Con l’arrivo a Bassano, il morale del battaglione era alto in quanto era stato promesso al battaglione l’invio al fronte; nello stesso periodo tra una esercitazione e l’altra proseguivano i bombardamenti e i guastatori diedero una mano a trarre in salvo la popolazione sotto le macerie. Un fatto da ricordare è quello che si aggregò al battaglione una compagnia di circa 70 persone che catturate dalla Banda Carità che per non andare deportati in Germania si arruolarono nella RSI. Il 21 aprile gli americani dopo aver sfondato la linea gotica, erano a Bologna. Le città di Milano, Torino e Genova erano sotto il controllo partigiano. Il 28 il Valanga si era spostato a Marostica dove a Thiene sarebbe dovuto unirsi al 2° gruppo di combattimento.

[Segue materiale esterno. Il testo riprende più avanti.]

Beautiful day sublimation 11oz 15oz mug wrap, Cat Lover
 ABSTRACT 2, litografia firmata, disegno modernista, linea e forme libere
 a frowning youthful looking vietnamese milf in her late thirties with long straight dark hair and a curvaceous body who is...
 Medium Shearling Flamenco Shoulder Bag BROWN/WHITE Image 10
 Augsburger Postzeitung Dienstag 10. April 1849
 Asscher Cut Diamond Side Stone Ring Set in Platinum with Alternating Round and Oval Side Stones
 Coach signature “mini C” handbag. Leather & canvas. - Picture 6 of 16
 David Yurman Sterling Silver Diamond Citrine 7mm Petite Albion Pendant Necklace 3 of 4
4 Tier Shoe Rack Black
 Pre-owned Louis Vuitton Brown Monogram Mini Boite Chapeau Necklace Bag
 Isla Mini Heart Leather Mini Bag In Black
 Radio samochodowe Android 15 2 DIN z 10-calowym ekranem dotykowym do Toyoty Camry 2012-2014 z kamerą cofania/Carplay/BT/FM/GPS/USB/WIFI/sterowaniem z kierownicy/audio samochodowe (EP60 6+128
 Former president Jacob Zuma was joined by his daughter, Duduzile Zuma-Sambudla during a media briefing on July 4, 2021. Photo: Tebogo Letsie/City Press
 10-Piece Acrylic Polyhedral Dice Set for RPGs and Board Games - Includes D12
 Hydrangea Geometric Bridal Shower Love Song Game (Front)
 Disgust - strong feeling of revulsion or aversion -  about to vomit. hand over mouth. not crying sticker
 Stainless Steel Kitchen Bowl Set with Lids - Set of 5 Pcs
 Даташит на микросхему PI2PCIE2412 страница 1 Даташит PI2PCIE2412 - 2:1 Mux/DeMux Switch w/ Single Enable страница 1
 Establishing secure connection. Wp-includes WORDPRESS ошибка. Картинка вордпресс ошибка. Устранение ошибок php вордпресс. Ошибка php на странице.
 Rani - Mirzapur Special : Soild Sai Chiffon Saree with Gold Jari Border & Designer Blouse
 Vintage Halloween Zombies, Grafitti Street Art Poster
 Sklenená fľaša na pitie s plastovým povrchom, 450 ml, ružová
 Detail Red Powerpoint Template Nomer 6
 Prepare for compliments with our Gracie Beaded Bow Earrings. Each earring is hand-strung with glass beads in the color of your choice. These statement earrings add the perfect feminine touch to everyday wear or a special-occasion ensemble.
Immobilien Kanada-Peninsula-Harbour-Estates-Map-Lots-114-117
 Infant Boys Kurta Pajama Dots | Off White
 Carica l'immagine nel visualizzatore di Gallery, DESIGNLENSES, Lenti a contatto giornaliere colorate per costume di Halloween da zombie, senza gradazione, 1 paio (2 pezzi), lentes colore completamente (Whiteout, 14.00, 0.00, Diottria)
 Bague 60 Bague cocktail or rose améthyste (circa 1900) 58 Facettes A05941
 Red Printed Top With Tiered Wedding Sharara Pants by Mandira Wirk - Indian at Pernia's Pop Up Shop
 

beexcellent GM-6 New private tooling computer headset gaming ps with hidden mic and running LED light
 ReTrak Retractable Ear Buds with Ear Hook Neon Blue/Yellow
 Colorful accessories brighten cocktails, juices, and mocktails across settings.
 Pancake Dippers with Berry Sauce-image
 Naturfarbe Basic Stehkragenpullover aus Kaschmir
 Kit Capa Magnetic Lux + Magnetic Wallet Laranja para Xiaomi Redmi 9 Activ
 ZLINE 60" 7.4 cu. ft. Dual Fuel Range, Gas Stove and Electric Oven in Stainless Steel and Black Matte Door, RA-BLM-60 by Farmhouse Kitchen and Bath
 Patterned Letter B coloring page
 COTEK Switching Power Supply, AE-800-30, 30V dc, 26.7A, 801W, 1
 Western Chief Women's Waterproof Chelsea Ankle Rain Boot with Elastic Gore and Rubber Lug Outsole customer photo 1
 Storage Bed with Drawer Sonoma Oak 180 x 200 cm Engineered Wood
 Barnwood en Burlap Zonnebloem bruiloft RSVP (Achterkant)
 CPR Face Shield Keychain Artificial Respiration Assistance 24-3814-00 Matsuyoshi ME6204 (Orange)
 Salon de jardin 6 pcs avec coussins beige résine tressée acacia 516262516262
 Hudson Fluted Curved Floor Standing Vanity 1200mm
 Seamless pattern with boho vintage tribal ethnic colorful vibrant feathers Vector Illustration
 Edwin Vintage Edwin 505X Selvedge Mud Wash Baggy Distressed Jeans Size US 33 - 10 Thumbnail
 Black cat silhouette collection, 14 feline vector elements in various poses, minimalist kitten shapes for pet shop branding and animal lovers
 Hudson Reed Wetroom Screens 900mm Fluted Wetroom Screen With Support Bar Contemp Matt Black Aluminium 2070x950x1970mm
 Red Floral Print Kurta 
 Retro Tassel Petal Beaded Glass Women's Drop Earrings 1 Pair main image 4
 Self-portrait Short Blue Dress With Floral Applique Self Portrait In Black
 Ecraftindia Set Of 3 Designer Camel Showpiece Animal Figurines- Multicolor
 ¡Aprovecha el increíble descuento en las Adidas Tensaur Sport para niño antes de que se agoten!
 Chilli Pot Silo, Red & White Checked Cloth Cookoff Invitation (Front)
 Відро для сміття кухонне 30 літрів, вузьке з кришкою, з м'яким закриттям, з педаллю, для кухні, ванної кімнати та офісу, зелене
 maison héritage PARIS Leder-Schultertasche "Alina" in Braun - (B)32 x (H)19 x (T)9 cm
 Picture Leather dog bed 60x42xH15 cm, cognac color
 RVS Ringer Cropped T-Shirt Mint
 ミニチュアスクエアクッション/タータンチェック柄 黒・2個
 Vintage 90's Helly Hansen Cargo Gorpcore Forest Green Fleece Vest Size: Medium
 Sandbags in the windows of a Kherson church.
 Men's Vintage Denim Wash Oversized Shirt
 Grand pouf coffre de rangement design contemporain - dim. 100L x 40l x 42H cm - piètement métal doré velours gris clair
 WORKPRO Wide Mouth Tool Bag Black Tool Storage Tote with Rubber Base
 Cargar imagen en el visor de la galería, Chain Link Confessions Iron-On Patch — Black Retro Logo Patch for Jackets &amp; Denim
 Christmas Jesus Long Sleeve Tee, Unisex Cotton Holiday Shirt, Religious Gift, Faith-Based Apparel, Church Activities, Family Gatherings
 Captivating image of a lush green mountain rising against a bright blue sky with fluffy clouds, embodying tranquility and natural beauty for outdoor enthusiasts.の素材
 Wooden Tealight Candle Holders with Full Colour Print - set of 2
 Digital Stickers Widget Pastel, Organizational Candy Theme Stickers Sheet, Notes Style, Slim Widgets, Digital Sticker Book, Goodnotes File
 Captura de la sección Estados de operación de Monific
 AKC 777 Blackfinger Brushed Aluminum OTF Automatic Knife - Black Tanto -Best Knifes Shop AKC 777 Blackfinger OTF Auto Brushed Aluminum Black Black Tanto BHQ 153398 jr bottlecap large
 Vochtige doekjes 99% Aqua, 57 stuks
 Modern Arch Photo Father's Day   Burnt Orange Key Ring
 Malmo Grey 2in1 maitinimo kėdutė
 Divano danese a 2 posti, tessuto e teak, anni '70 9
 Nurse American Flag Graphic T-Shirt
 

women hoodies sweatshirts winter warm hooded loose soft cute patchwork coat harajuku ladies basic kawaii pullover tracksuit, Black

Ma qui ci si rese conto che non si poteva più raggiungere Venezia. Nella notte Marostica fu circondata dai partigiani, e le strade erano intasate dai tedeschi in fuga, e battute dagli aerei americani. Le scarse informazioni davano la Decima sciolta su ordine di Borghese. Morelli allora prese contatto con il comitato di liberazione ma si rifutò di passare dall’altra sponda: si preoccupò quindi della sorte dei suoi uomini. Fece sì che, dopo la consegna delle armi da parte del battaglione, questo si spostasse a Bassano. I partigiani, da parte loro, non attaccarono il Valanga e Morelli rimase come prigioniero. Il Battaglione al grido di DECIMA GUASTATORI! DECIMA COMANDANTE, si sciolse il 28 aprile 1945 (una parte di essi il 2 maggio si consegnò a Trento all’arcivescovo). Morelli dopo l’ultimo alzabandiera si consegnò ai partigiani; non ricevette nessun salvacondotto e dopo aver difeso i confini dell’Italia, subì la cancellazione del grado, delle medaglie e una condanna a 12 anni di carcere. Nel maggio 1945 molti guastatori riuscirono ad arrivare a casa: alcuni furono catturati dagli americani e dopo mesi di prigionia tornarono a casa. Ma i più sfortunati, due guastatori persero la vita uccisi dai partigiani.